=== Entries shown ===
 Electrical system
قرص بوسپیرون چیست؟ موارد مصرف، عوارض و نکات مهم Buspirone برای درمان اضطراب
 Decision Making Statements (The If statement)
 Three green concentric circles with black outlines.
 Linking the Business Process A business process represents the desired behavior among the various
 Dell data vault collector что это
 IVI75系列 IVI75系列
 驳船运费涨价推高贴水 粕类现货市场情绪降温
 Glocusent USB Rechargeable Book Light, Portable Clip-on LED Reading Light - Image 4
===
- Task: Exactly the lines from the one containing "IVI75系列 IVI75系列" to the final line of the data, both included, should be printed, and nothing more.

- Task result:
 IVI75系列 IVI75系列
 驳船运费涨价推高贴水 粕类现货市场情绪降温
 Glocusent USB Rechargeable Book Light, Portable Clip-on LED Reading Light - Image 4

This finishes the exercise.